Edwin Chen (who works on twitter btw) has an example on his blog. 5 offers, 2 topics:
- I like to eat broccoli and bananas.
- I had breakfast for breakfast with banana and spinach.
- Chinchillas and kittens are cute.
- My sister adopted a kitten yesterday.
- Look at this cute hamster chewing a piece of broccoli.
Then he performs some “calculations”
- Suggestions 1 and 2: 100% Theme A
- Proposals 3 and 4: 100% Theme B
- Proposal 5: 60% Theme A, 40% Theme B
And guess the topics:
- Topic A: 30% broccoli, 15% bananas, 10% breakfast, 10% buzz, ...
- at this point you can interpret topic A as about food
- Topic B: 20% chinchillas, 20% kittens, 20% cute, 15% hamster, ...

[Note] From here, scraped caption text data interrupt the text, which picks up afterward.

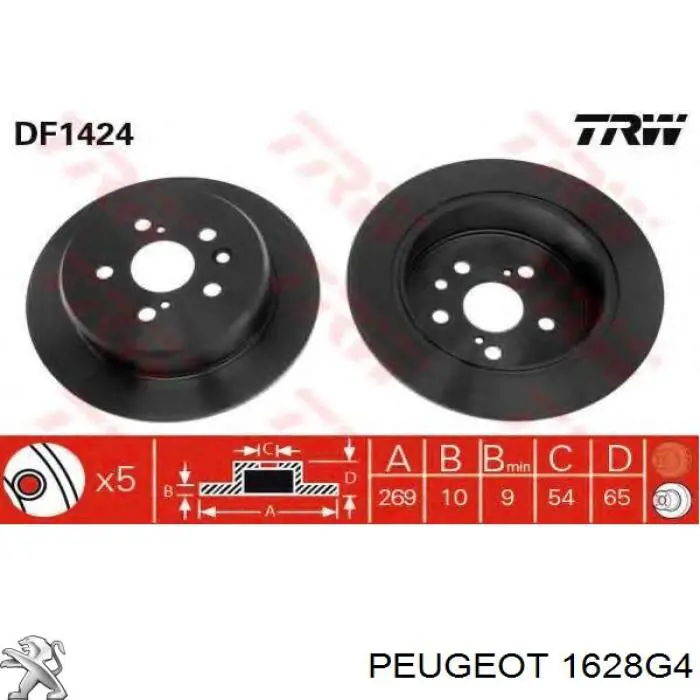 Sensor TPS 1628G4 Peugeot/Citroen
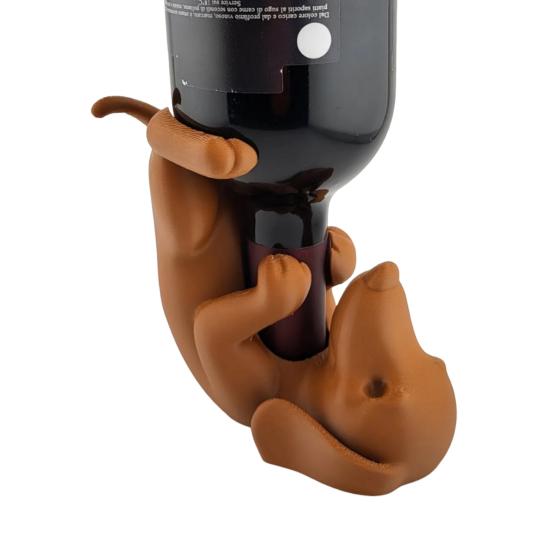 Dachshund Wine Bottle Holder PLA Dog Figurine Beer Bottle Display Stand Organizer
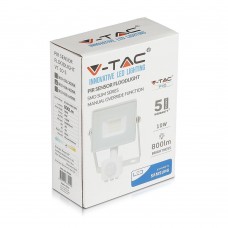 VT-10-S 10W LED reflektor s senzorjem bel 4000K VT-10-S 10W LED reflektor s senzorjem bel 4000K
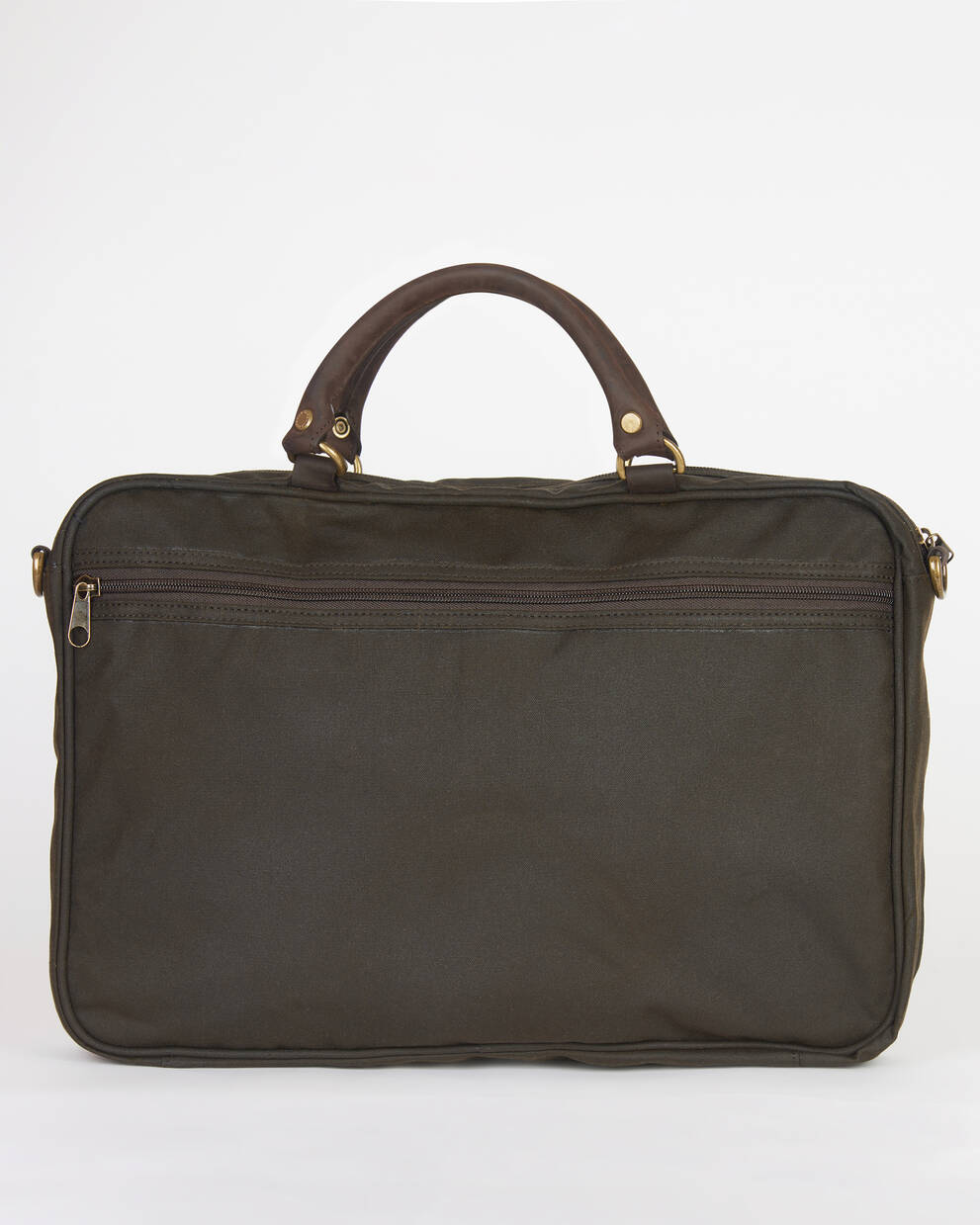 Waxed Leather Briefcase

- at this point you can interpret topic B as cute animals
The question is, how did he come up with these numbers? What words in these sentences contain "information":
- broccoli, bananas, cocktail, breakfast, chewing, eat
- chinchilla, kitten, cute, adopted, hampster
Now release the sentence by sentence, getting the words from each topic:
- food 3, cute 0 → food
- food 5, cute 0 → food
- food 0, sweetheart 3 → sweetheart
- food 0, pretty 2 → pretty
- food 2, cute 2 → 50% food + 50% cute
So, my numbers are a little different from Chen. Maybe it includes the word "piece" in a "piece of broccoli", considering it to be food.
We made two calculations in our heads:
- to see suggestions and come up with 2 topics first. The LDA does this by treating each sentence as a “mixture” of topics and guessing the parameters of each topic.
- to decide which words are important. LDA uses "term-frequency / inverse-document-frequency" to understand this.